Brown Rice with Crunch Sprouts and Seeds

By


Toasted seeds and nuts add bite to this nutrition-packed salad. We use dried sprouted legumes, which are even more healthful than ordinary beans.


Ingredients

  • 1 cup (packed) chopped fresh chives
  • 1/2 cup plus 2 tablespoons extra-virgin olive oil
  • 2 tablespoons (or more) fresh lemon juice
  • 1 teaspoon kosher salt plus more
  • 1 1/2 cups mixed dried sprouted legumes (such as mung beans and lentils)
  • 1 1/2 cups grated zucchini, lightly squeezed to remove liquid
  • 1/2 cup cooked brown rice
  • 2 scallions, thinly sliced
  • 1/3 cup toasted salted sunflower seeds
  • 1/3 cup toasted salted shelled pumpkin seeds (pepitas)
  • 1/3 cup coarsely chopped roasted unsalted almonds
  • Freshly ground black pepper

Preparation

Step 1

Purée chives, oil, 2 tablespoons lemon juice, and 1 teaspoon salt in a food processor until smooth. Strain chive vinaigrette through a fine-mesh sieve into a small bowl.

Cook dried sprouted legumes in a large pot of lightly salted boiling water until just tender, about 5 minutes. Cover pot; remove from heat. Let stand for 3 minutes; drain. Rinse legumes under cold water to cool; drain. Transfer to a large bowl.

DO AHEAD: Vinaigrette and legumes can be made 1 day ahead. Cover separately; chill.

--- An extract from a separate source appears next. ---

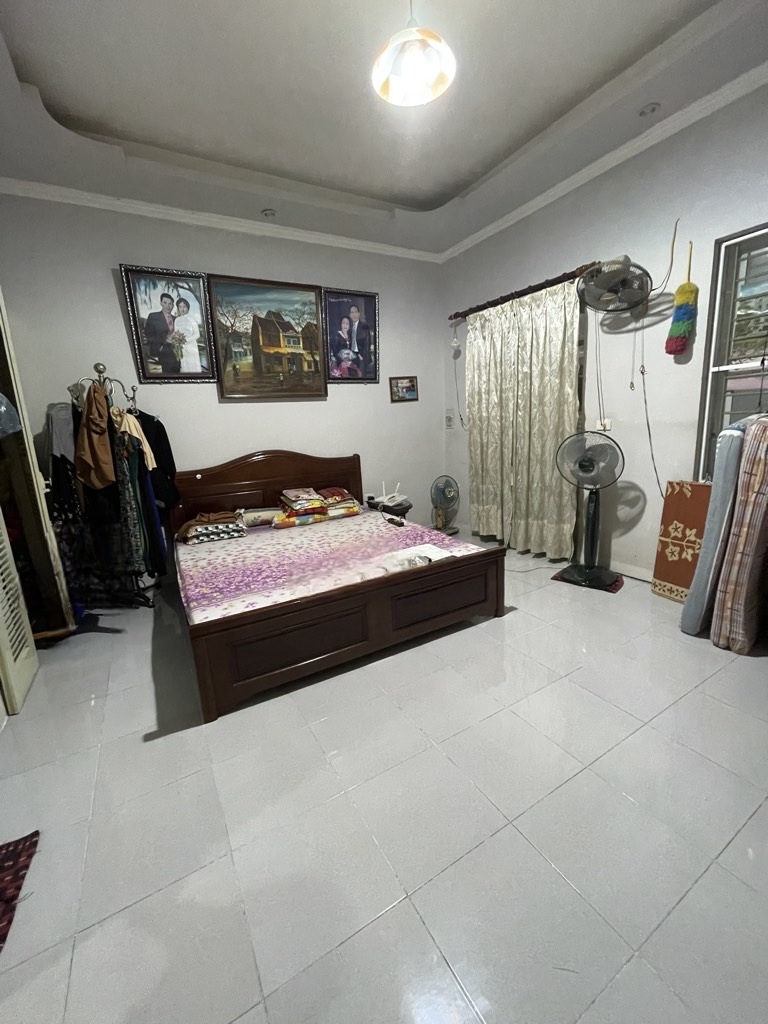 NHÀ HIẾM HUỲNH THÚC KHÁNG – 55M2, 4 TẦNG, Ô TÔ TRÁNH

Add zucchini, rice, scallions, seeds, nuts, and chive vinaigrette to bowl with legumes; toss to combine. Season to taste with salt, pepper, and more lemon juice, if desired.

INGREDIENT INFORMATION: Look for dried sprouted legumes at natural foods stores, truroots.com, and some supermarkets.